**WHAT YOU HAVE TO DO**
Copy every record that appears below, exactly as it stands.
──────── RECORD EXCERPTS
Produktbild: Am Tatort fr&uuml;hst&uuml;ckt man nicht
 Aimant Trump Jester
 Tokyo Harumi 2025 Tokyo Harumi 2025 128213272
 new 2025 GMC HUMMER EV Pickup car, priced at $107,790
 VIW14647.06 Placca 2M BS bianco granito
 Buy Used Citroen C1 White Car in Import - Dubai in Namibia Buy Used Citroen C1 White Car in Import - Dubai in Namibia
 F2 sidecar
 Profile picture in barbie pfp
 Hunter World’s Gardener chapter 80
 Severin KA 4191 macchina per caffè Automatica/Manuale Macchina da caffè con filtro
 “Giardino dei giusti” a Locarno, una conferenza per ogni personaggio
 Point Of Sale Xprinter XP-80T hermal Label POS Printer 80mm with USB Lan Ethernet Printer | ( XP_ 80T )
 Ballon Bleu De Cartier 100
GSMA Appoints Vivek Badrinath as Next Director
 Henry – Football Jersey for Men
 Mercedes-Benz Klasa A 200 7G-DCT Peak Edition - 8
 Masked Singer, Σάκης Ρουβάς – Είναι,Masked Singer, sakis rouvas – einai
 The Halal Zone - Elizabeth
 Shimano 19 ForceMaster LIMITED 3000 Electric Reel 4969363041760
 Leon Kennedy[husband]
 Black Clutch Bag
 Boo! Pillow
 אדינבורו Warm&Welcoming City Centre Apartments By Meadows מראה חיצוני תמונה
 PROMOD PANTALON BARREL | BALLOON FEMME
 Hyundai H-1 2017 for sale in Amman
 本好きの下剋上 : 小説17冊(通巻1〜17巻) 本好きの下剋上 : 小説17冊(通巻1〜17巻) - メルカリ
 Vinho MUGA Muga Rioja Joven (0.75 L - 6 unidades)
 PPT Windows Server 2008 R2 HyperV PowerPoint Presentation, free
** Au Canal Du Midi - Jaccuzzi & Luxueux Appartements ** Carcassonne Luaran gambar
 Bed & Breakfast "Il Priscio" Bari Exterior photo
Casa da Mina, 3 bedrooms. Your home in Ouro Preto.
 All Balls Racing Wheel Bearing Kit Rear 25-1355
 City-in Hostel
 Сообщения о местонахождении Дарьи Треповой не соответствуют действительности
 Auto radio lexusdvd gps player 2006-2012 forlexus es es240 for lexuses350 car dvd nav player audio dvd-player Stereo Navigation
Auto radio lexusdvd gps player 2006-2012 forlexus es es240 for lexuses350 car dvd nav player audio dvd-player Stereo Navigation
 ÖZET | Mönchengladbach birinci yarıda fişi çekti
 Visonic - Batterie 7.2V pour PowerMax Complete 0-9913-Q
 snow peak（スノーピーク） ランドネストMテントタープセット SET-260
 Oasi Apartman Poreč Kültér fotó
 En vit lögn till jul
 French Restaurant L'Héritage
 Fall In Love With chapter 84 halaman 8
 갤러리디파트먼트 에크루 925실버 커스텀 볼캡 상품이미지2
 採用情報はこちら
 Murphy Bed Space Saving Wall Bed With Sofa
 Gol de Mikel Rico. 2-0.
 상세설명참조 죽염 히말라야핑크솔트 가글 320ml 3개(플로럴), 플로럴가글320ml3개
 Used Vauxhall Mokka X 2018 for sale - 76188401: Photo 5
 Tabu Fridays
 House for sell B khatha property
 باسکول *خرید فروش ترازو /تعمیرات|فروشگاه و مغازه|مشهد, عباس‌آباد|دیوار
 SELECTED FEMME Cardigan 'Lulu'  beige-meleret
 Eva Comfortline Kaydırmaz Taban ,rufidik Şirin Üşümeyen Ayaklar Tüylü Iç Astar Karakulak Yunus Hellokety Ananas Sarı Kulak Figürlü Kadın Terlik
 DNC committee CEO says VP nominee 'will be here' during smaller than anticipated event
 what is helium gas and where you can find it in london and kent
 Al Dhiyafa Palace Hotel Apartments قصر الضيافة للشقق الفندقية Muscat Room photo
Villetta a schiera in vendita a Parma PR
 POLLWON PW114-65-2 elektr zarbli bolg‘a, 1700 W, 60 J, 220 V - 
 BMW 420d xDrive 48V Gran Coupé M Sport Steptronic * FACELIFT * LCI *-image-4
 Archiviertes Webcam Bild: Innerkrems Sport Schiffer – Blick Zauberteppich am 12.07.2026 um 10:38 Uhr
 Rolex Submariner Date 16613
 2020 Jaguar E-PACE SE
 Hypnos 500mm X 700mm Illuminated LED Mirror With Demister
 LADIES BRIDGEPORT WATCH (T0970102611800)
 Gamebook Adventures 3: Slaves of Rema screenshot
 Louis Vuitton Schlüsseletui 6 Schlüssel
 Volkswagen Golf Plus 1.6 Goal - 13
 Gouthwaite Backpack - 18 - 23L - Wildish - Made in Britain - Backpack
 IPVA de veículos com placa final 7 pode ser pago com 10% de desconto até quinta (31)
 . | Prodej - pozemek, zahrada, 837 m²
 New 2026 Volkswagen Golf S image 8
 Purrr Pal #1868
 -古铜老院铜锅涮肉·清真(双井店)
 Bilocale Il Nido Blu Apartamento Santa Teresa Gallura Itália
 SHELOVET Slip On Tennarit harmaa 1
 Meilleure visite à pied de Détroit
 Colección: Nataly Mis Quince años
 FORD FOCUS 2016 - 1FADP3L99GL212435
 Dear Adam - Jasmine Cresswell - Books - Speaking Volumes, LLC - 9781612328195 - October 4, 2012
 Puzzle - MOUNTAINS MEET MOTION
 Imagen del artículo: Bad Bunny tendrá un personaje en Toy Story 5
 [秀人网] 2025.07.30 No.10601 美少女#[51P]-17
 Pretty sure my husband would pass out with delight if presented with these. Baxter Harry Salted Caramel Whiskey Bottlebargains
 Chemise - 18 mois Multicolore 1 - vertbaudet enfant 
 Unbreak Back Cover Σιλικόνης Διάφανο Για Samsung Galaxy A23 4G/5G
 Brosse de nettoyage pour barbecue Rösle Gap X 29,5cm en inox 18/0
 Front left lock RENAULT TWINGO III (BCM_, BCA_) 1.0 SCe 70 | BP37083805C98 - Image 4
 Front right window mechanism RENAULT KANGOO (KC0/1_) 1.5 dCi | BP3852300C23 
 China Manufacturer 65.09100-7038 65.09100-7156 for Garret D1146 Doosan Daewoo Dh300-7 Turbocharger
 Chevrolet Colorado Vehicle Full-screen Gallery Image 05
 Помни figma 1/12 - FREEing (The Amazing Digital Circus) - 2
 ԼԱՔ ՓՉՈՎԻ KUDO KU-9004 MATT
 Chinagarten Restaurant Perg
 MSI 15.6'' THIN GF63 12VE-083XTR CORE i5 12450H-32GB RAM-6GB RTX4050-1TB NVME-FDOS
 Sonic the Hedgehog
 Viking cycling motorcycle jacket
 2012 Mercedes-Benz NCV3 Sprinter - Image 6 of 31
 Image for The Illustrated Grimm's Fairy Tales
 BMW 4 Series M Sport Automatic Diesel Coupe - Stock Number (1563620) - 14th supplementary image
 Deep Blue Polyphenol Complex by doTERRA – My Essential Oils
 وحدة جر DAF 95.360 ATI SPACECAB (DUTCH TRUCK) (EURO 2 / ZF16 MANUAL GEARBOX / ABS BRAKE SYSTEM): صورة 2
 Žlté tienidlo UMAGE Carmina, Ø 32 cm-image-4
────────────────
**EXERCISE RESULT**
Produktbild: Am Tatort fr&uuml;hst&uuml;ckt man nicht
 Aimant Trump Jester
 Tokyo Harumi 2025 Tokyo Harumi 2025 128213272
 new 2025 GMC HUMMER EV Pickup car, priced at $107,790
 VIW14647.06 Placca 2M BS bianco granito
 Buy Used Citroen C1 White Car in Import - Dubai in Namibia Buy Used Citroen C1 White Car in Import - Dubai in Namibia
 F2 sidecar
 Profile picture in barbie pfp
 Hunter World’s Gardener chapter 80
 Severin KA 4191 macchina per caffè Automatica/Manuale Macchina da caffè con filtro
 “Giardino dei giusti” a Locarno, una conferenza per ogni personaggio
 Point Of Sale Xprinter XP-80T hermal Label POS Printer 80mm with USB Lan Ethernet Printer | ( XP_ 80T )
 Ballon Bleu De Cartier 100
GSMA Appoints Vivek Badrinath as Next Director
 Henry – Football Jersey for Men
 Mercedes-Benz Klasa A 200 7G-DCT Peak Edition - 8
 Masked Singer, Σάκης Ρουβάς – Είναι,Masked Singer, sakis rouvas – einai
 The Halal Zone - Elizabeth
 Shimano 19 ForceMaster LIMITED 3000 Electric Reel 4969363041760
 Leon Kennedy[husband]
 Black Clutch Bag
 Boo! Pillow
 אדינבורו Warm&Welcoming City Centre Apartments By Meadows מראה חיצוני תמונה
 PROMOD PANTALON BARREL | BALLOON FEMME
 Hyundai H-1 2017 for sale in Amman
 本好きの下剋上 : 小説17冊(通巻1〜17巻) 本好きの下剋上 : 小説17冊(通巻1〜17巻) - メルカリ
 Vinho MUGA Muga Rioja Joven (0.75 L - 6 unidades)
 PPT Windows Server 2008 R2 HyperV PowerPoint Presentation, free
** Au Canal Du Midi - Jaccuzzi & Luxueux Appartements ** Carcassonne Luaran gambar
 Bed & Breakfast "Il Priscio" Bari Exterior photo
Casa da Mina, 3 bedrooms. Your home in Ouro Preto.
 All Balls Racing Wheel Bearing Kit Rear 25-1355
 City-in Hostel
 Сообщения о местонахождении Дарьи Треповой не соответствуют действительности
 Auto radio lexusdvd gps player 2006-2012 forlexus es es240 for lexuses350 car dvd nav player audio dvd-player Stereo Navigation
Auto radio lexusdvd gps player 2006-2012 forlexus es es240 for lexuses350 car dvd nav player audio dvd-player Stereo Navigation
 ÖZET | Mönchengladbach birinci yarıda fişi çekti
 Visonic - Batterie 7.2V pour PowerMax Complete 0-9913-Q
 snow peak（スノーピーク） ランドネストMテントタープセット SET-260
 Oasi Apartman Poreč Kültér fotó
 En vit lögn till jul
 French Restaurant L'Héritage
 Fall In Love With chapter 84 halaman 8
 갤러리디파트먼트 에크루 925실버 커스텀 볼캡 상품이미지2
 採用情報はこちら
 Murphy Bed Space Saving Wall Bed With Sofa
 Gol de Mikel Rico. 2-0.
 상세설명참조 죽염 히말라야핑크솔트 가글 320ml 3개(플로럴), 플로럴가글320ml3개
 Used Vauxhall Mokka X 2018 for sale - 76188401: Photo 5
 Tabu Fridays
 House for sell B khatha property
 باسکول *خرید فروش ترازو /تعمیرات|فروشگاه و مغازه|مشهد, عباس‌آباد|دیوار
 SELECTED FEMME Cardigan 'Lulu'  beige-meleret
 Eva Comfortline Kaydırmaz Taban ,rufidik Şirin Üşümeyen Ayaklar Tüylü Iç Astar Karakulak Yunus Hellokety Ananas Sarı Kulak Figürlü Kadın Terlik
 DNC committee CEO says VP nominee 'will be here' during smaller than anticipated event
 what is helium gas and where you can find it in london and kent
 Al Dhiyafa Palace Hotel Apartments قصر الضيافة للشقق الفندقية Muscat Room photo
Villetta a schiera in vendita a Parma PR
 POLLWON PW114-65-2 elektr zarbli bolg‘a, 1700 W, 60 J, 220 V - 
 BMW 420d xDrive 48V Gran Coupé M Sport Steptronic * FACELIFT * LCI *-image-4
 Archiviertes Webcam Bild: Innerkrems Sport Schiffer – Blick Zauberteppich am 12.07.2026 um 10:38 Uhr
 Rolex Submariner Date 16613
 2020 Jaguar E-PACE SE
 Hypnos 500mm X 700mm Illuminated LED Mirror With Demister
 LADIES BRIDGEPORT WATCH (T0970102611800)
 Gamebook Adventures 3: Slaves of Rema screenshot
 Louis Vuitton Schlüsseletui 6 Schlüssel
 Volkswagen Golf Plus 1.6 Goal - 13
 Gouthwaite Backpack - 18 - 23L - Wildish - Made in Britain - Backpack
 IPVA de veículos com placa final 7 pode ser pago com 10% de desconto até quinta (31)
 . | Prodej - pozemek, zahrada, 837 m²
 New 2026 Volkswagen Golf S image 8
 Purrr Pal #1868
 -古铜老院铜锅涮肉·清真(双井店)
 Bilocale Il Nido Blu Apartamento Santa Teresa Gallura Itália
 SHELOVET Slip On Tennarit harmaa 1
 Meilleure visite à pied de Détroit
 Colección: Nataly Mis Quince años
 FORD FOCUS 2016 - 1FADP3L99GL212435
 Dear Adam - Jasmine Cresswell - Books - Speaking Volumes, LLC - 9781612328195 - October 4, 2012
 Puzzle - MOUNTAINS MEET MOTION
 Imagen del artículo: Bad Bunny tendrá un personaje en Toy Story 5
 [秀人网] 2025.07.30 No.10601 美少女#[51P]-17
 Pretty sure my husband would pass out with delight if presented with these. Baxter Harry Salted Caramel Whiskey Bottlebargains
 Chemise - 18 mois Multicolore 1 - vertbaudet enfant 
 Unbreak Back Cover Σιλικόνης Διάφανο Για Samsung Galaxy A23 4G/5G
 Brosse de nettoyage pour barbecue Rösle Gap X 29,5cm en inox 18/0
 Front left lock RENAULT TWINGO III (BCM_, BCA_) 1.0 SCe 70 | BP37083805C98 - Image 4
 Front right window mechanism RENAULT KANGOO (KC0/1_) 1.5 dCi | BP3852300C23 
 China Manufacturer 65.09100-7038 65.09100-7156 for Garret D1146 Doosan Daewoo Dh300-7 Turbocharger
 Chevrolet Colorado Vehicle Full-screen Gallery Image 05
 Помни figma 1/12 - FREEing (The Amazing Digital Circus) - 2
 ԼԱՔ ՓՉՈՎԻ KUDO KU-9004 MATT
 Chinagarten Restaurant Perg
 MSI 15.6'' THIN GF63 12VE-083XTR CORE i5 12450H-32GB RAM-6GB RTX4050-1TB NVME-FDOS
 Sonic the Hedgehog
 Viking cycling motorcycle jacket
 2012 Mercedes-Benz NCV3 Sprinter - Image 6 of 31
 Image for The Illustrated Grimm's Fairy Tales
 BMW 4 Series M Sport Automatic Diesel Coupe - Stock Number (1563620) - 14th supplementary image
 Deep Blue Polyphenol Complex by doTERRA – My Essential Oils
 وحدة جر DAF 95.360 ATI SPACECAB (DUTCH TRUCK) (EURO 2 / ZF16 MANUAL GEARBOX / ABS BRAKE SYSTEM): صورة 2
 Žlté tienidlo UMAGE Carmina, Ø 32 cm-image-4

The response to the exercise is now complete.